Based on the first-principles ab initio calculation method of density functional theory (DFT), the adsorption models of Cl2 molecules on both the TiC0.89O0.11(001) intact surface and the carbon vacancy surface were established, followed by calculations and analysis of the adsorption structures, adsorption energy, differential charge density, and density of states (DOS). The results demonstrate that the adsorption process of Cl2 molecules on the TiC0.89O0.11(001) surface involves chemical adsorption, with a higher likelihood of dissociation into Cl atoms during adsorption. These dissociated Cl atoms can potentially interact with surface Ti and/or C atoms to form Ti-Cl bonds, C-Cl bonds, Ti-Cl-C bonds, and Ti-Cl-Ti bonds. Simultaneously, the stability of the adsorbed structure is influenced by both the bonding conditions between Cl atoms and surface atoms and the position of Cl atom adsorption (e.g., whether it is located above the vacancy C). Following adsorption, there is a weakening in the bonding strength of Ti-C or Ti-O bonds on the TiC0.89O0.11(001) surface. During the adsorption process, Cl atoms can either act as electron donors or acceptors. When the Ti-Cl bond structure is formed, Cl atoms function as electron acceptors; however, when the C-Cl bond structure is established, Cl atoms predominantly act as electron donors. Surface Ti atoms act as electron donors while surface C and O atoms function as electron acceptors. Additionally, the presence of surface carbon vacancy enhances the interaction between Cl and Ti atoms, weakens the interaction between Cl and C atoms, and attenuates the interaction between C, O, and Ti atoms in the structure.
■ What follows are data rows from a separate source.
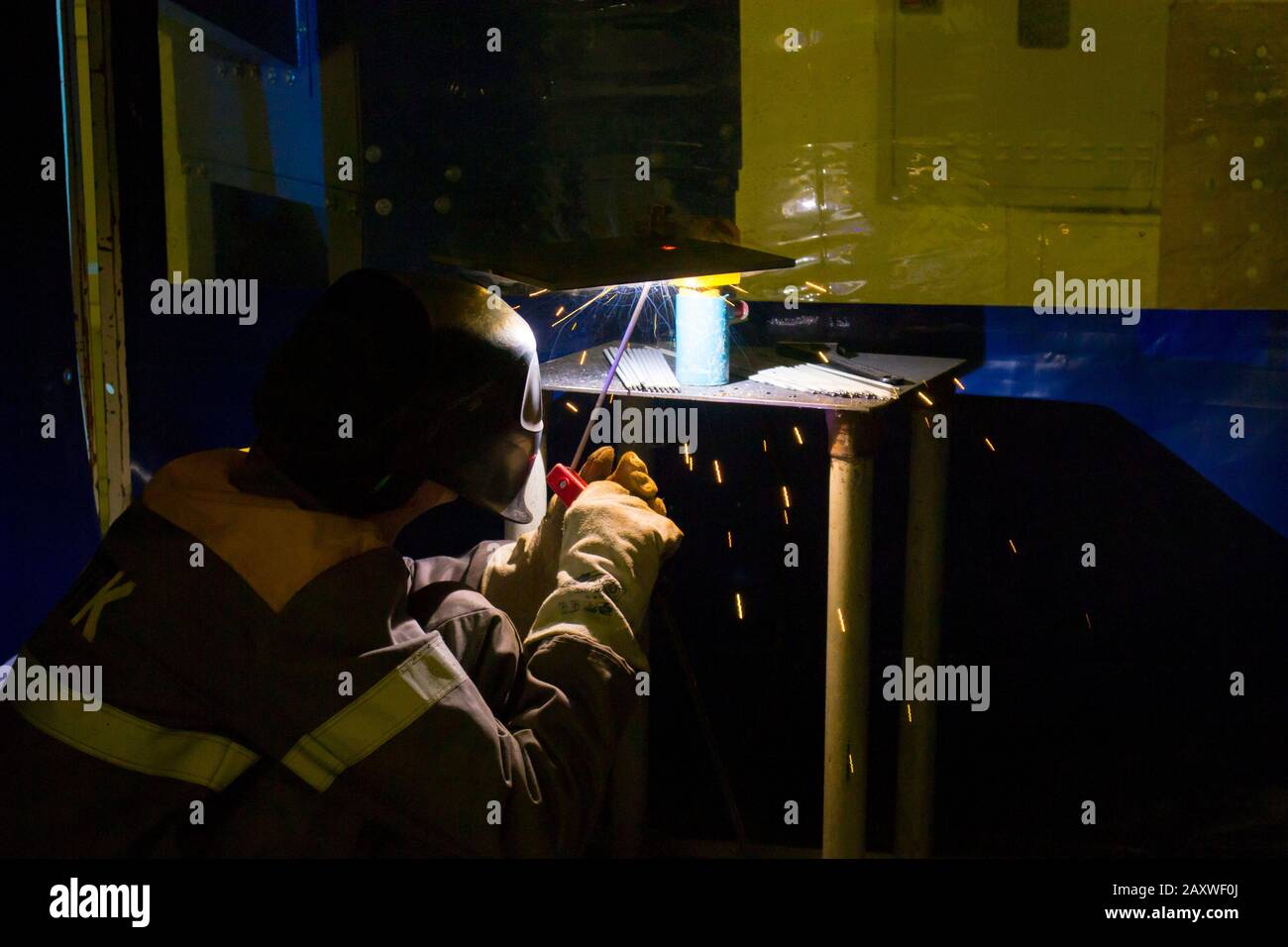 Close-up welding process. Working man in a mask welds metal. Industrial technologies, production processes. Stock Photo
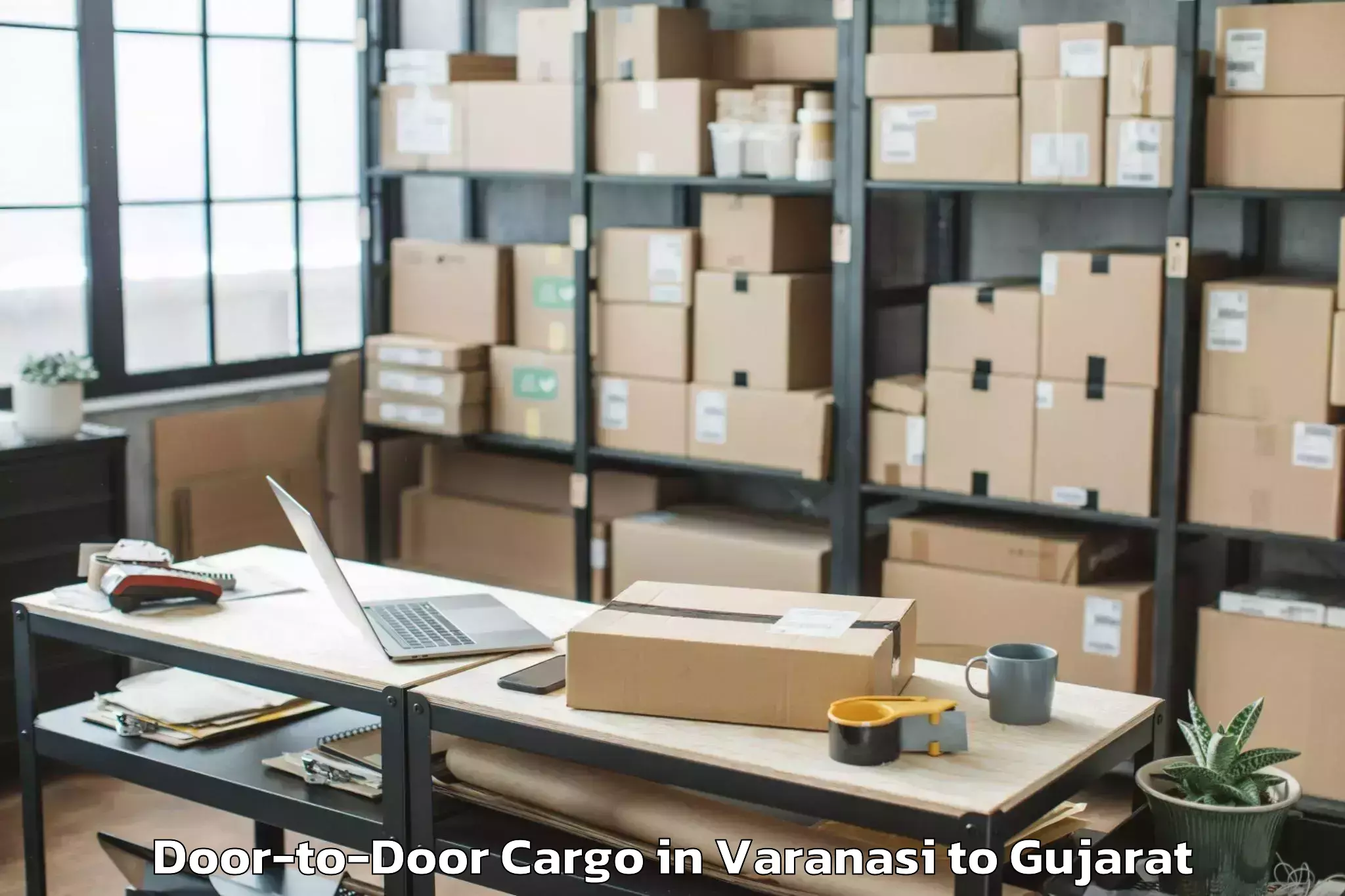 Expert Varanasi to Lodhika Door To Door Cargo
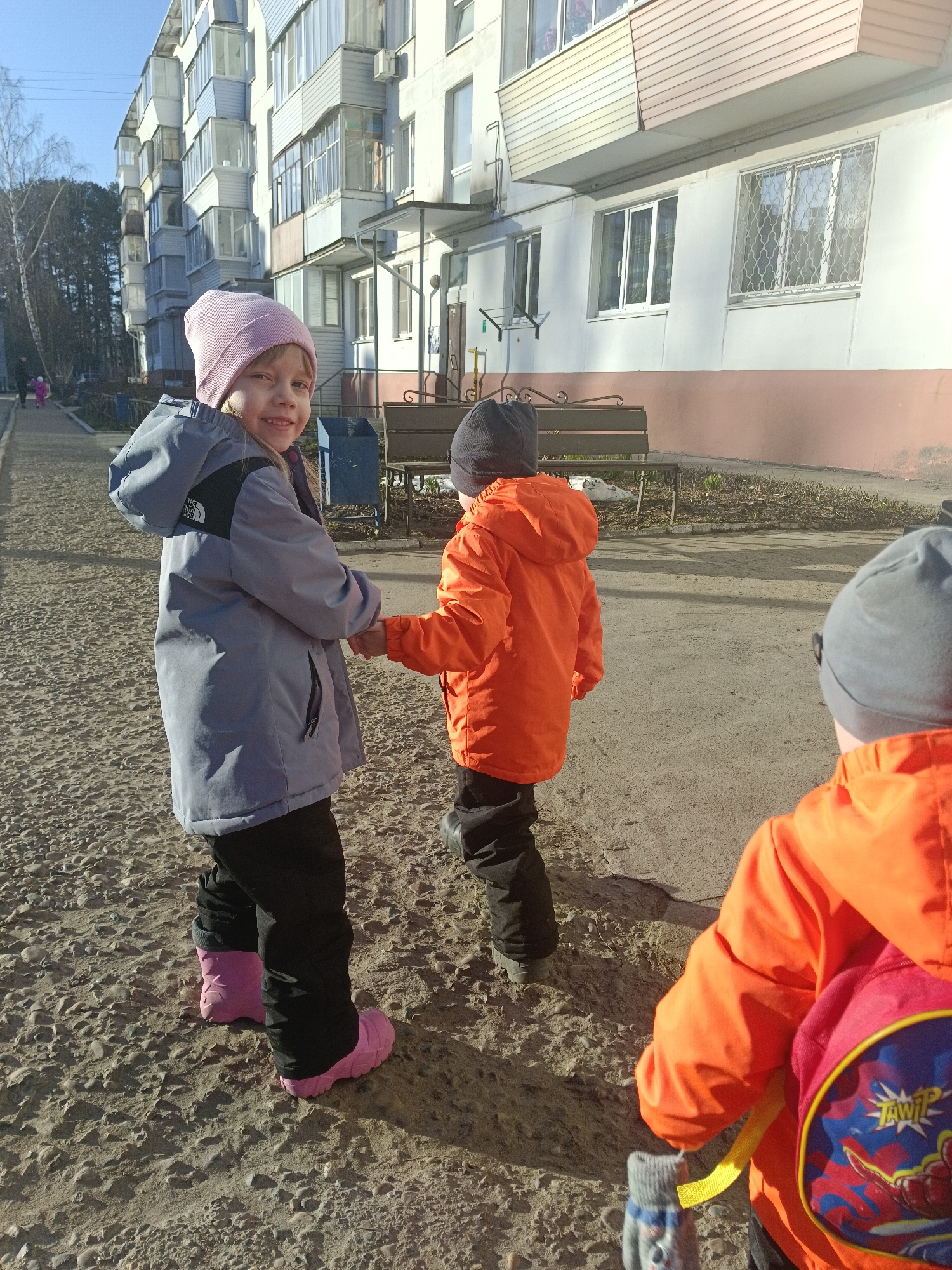 Three children stand in a paved area. A girl in a pink beanie, grey jacket and pink boots looks towards the camera. She holds hands with a child in an orange jacket and black beanie. A third child in an orange jacket, grey beanie and red/blue backpack is partially visible on the right. In the background, there is a multi-story building, a bench, trees, and a clear blue sky. The image was taken in the city of Chaikovsky, Russia.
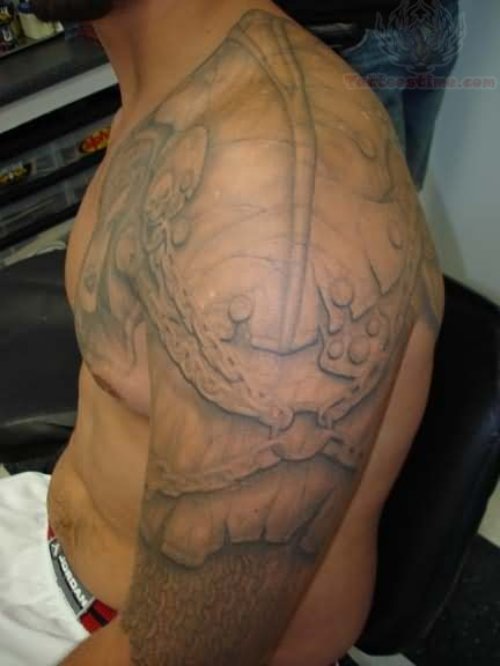 Grey Ink Armor Tattoo On Left Shoulder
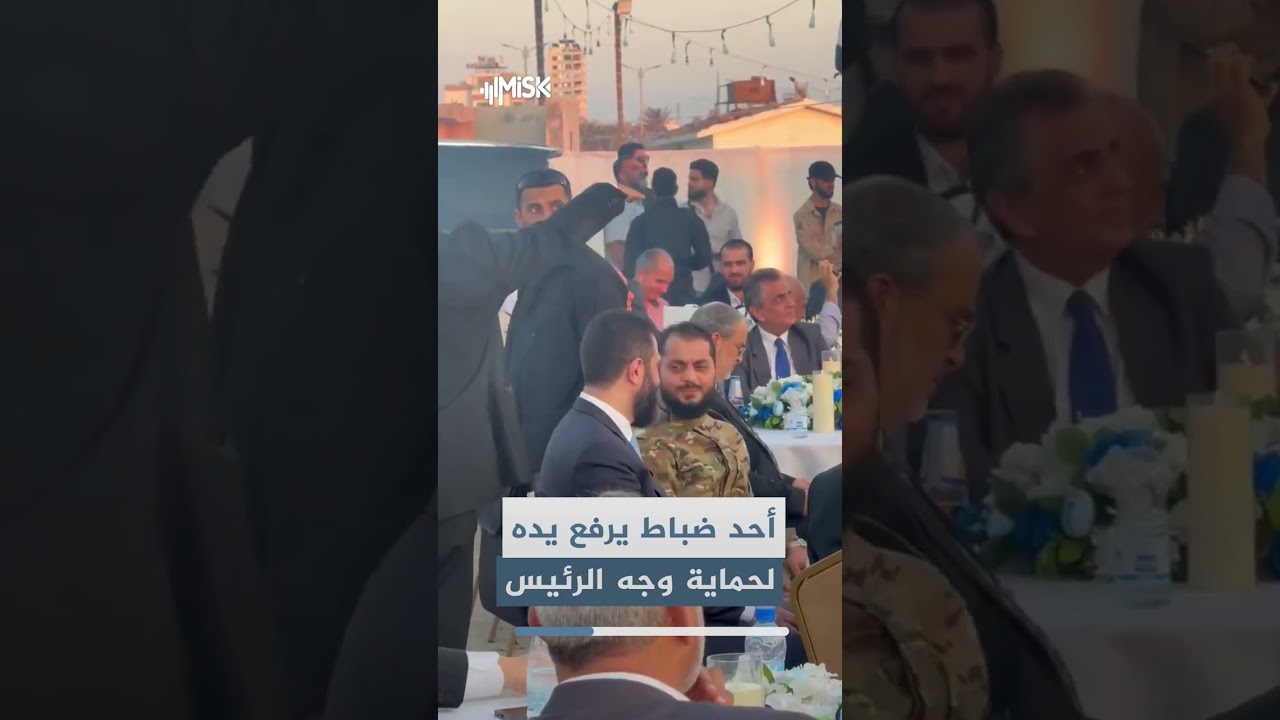 أحد ضباط وزارة الدفاع يرفع يده خوفاً على وجه الرئيس السوري أحمد الشرع أثناء زيارته لمحافظة طرطوس
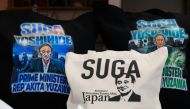 Merchandise featuring Japan's expected new prime minister Yoshihide Suga are displayed at designer Ippei Fujita's store Marble in Yuzawa, Akita Prefecture, Japan, September 11, 2020. Picture taken on September 11, 2020. REUTERS/Chris Gallagher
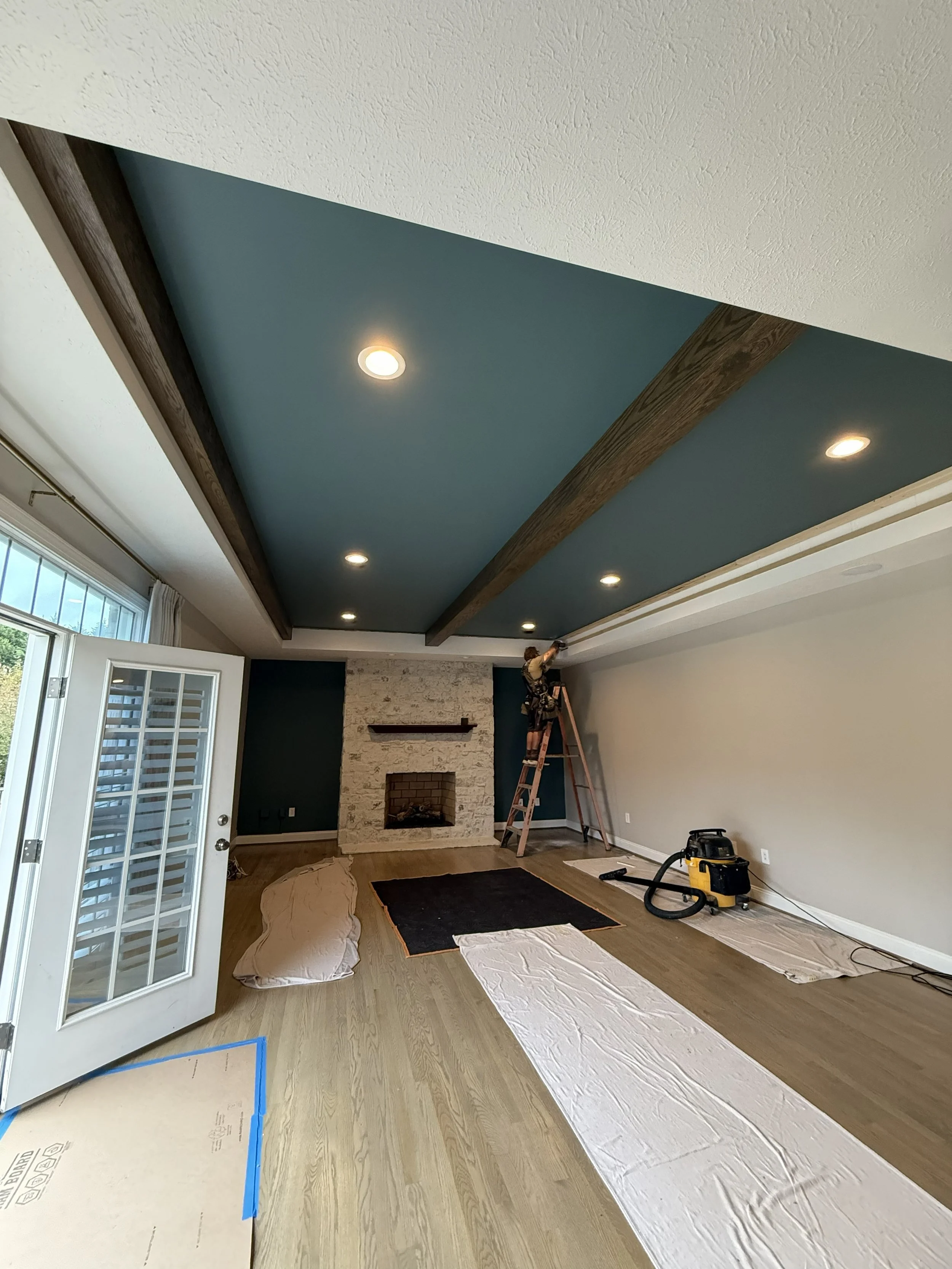 Installation of red oak beams in coffered ceiling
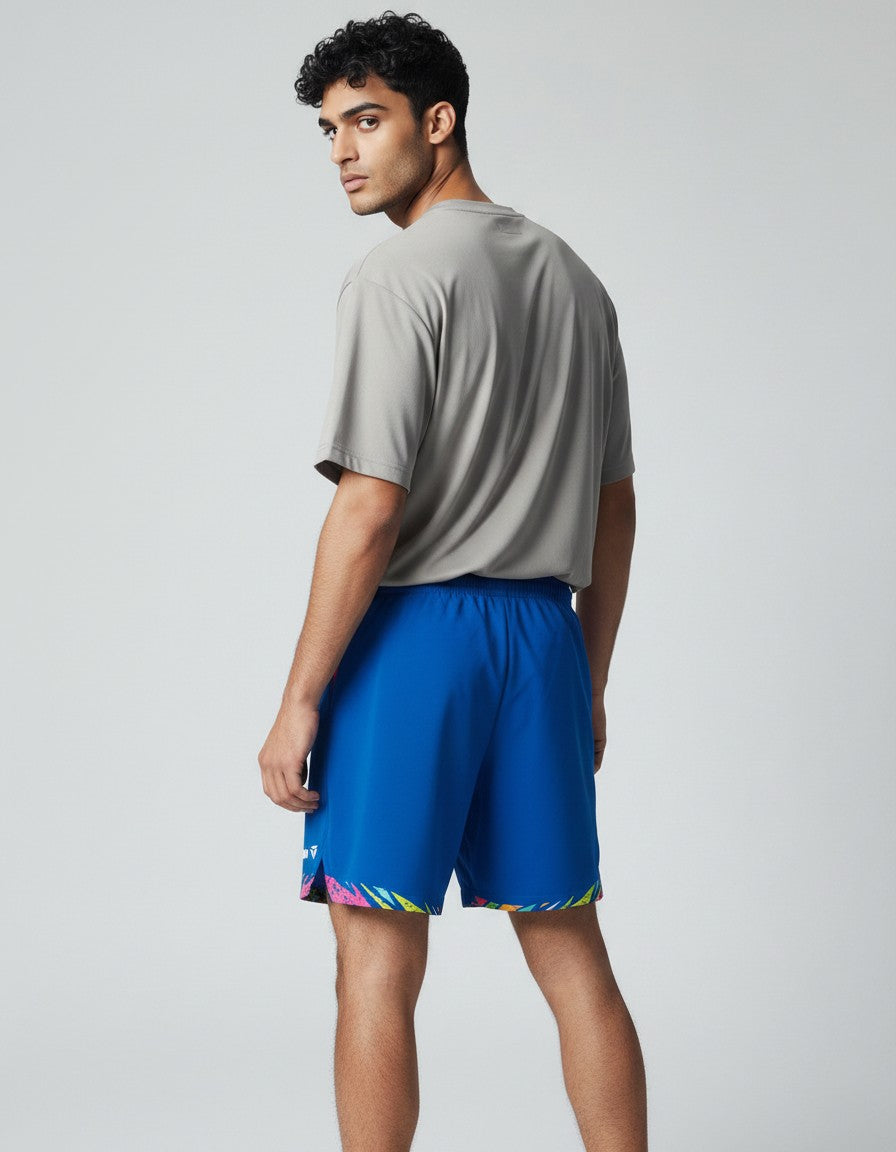 TTM-Store Tibhar L2 Underbrush royal blue polyester shorts with pink accents and abstract print hem, elastic waistband, and side slits.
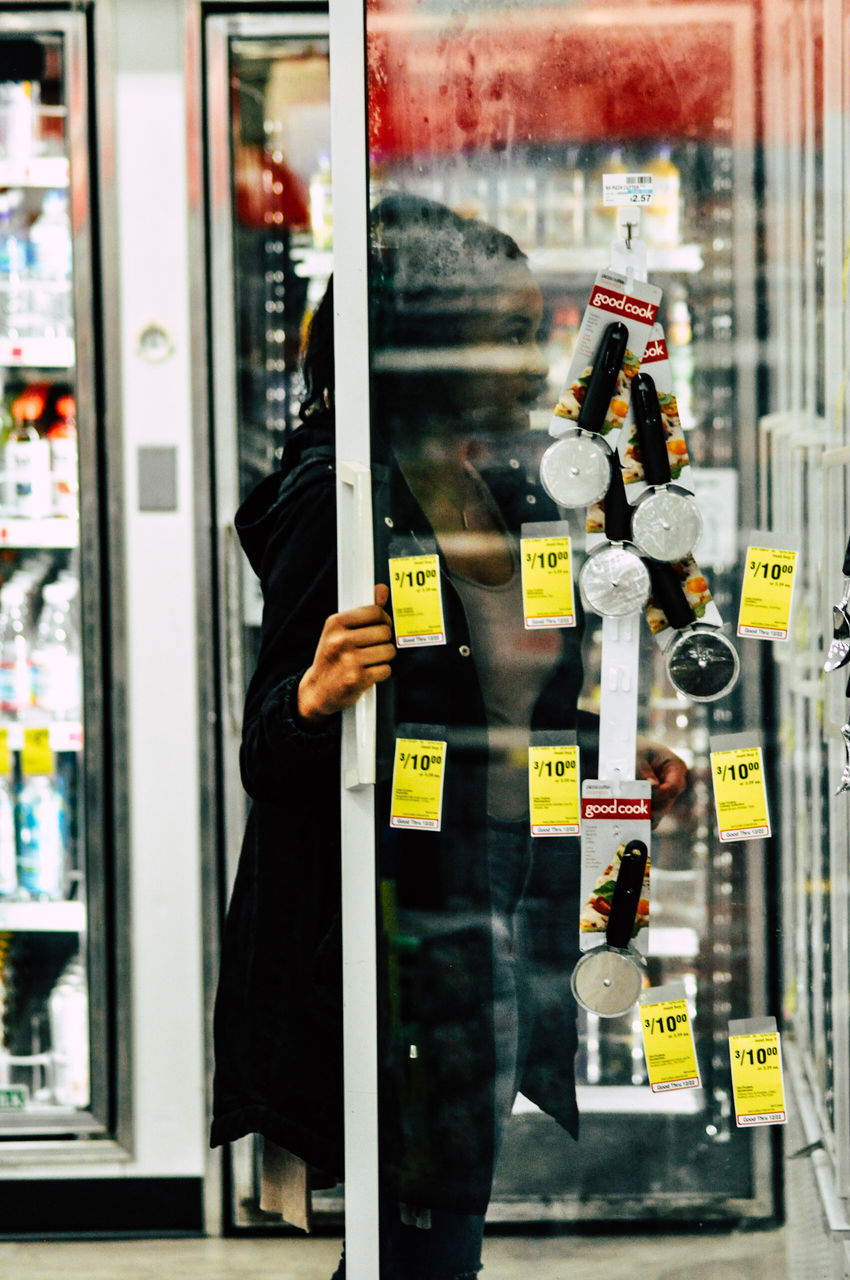 REFLECTION OF MAN ON GLASS WINDOW AT STORE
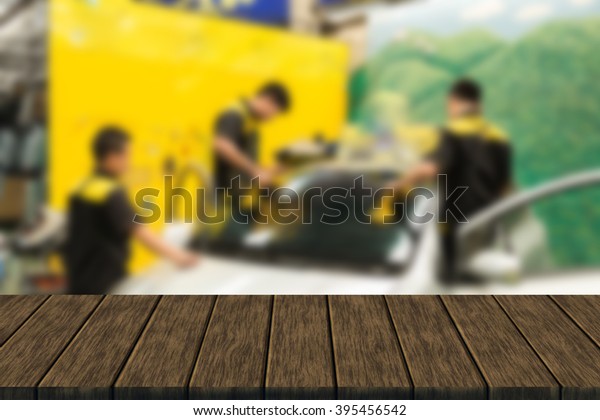 Repairman is\
repairing windshield of the car (blur background with wood table\
top for display or montage your\
product)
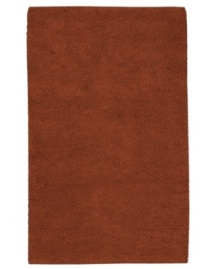Create a luxurious foundation with a rich, felted wool rug in a deep rust hue. This plush piece features an undeniably soft hand, created with the finest hand-woven New Zealand wool. Create a luxurious foundation with a rich, felted wool rug in a deep rust hue. This plush piece features an undeniably soft hand, created with the finest hand-woven New Zealand wool.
And it can augment the electron acquisition by Cl2 molecules upon adsorption, reduce the adsorption energy, and promote greater stability in the adsorption structure. All the effects contribute to facilitating TiCl4 formation.

Abstract Image

基于第一原理计算的 Cl2 在 TiC0.89O0.11(001)表面的吸附行为
基于密度泛函理论(DFT)的第一性原理ab initio计算方法,建立了Cl2分子在TiC0.89O0.11(001)完整表面和碳空位表面的吸附模型,并对吸附结构、吸附能、电荷差密度和状态密度(DOS)进行了计算和分析。结果表明,Cl2 分子在 TiC0.89O0.11(001)表面的吸附过程涉及化学吸附,在吸附过程中解离成 Cl 原子的可能性较大。这些解离的 Cl 原子有可能与表面的 Ti 原子和/或 C 原子相互作用,形成 Ti-Cl 键、C-Cl 键、Ti-Cl-C 键和 Ti-Cl-Ti 键。同时,吸附结构的稳定性受到 Cl 原子和表面原子之间的成键条件以及 Cl 原子吸附位置(如是否位于空缺 C 的上方)的影响。吸附后,TiC0.89O0.11(001) 表面上 Ti-C 或 Ti-O 键的结合强度会减弱。在吸附过程中,Cl 原子既可以充当电子供体,也可以充当电子受体。当形成 Ti-Cl 键结构时,Cl 原子充当电子受体;然而,当形成 C-Cl 键结构时,Cl 原子主要充当电子供体。表面 Ti 原子充当电子给体,而表面 C 原子和 O 原子则充当电子受体。此外,表面碳空位的存在增强了结构中 Cl 原子和 Ti 原子间的相互作用,减弱了 Cl 原子和 C 原子间的相互作用,削弱了 C、O 和 Ti 原子间的相互作用。此外,它还能增强 Cl2 分子在吸附时获得电子的能力,降低吸附能,提高吸附结构的稳定性。所有这些作用都有助于促进 TiCl4 的形成。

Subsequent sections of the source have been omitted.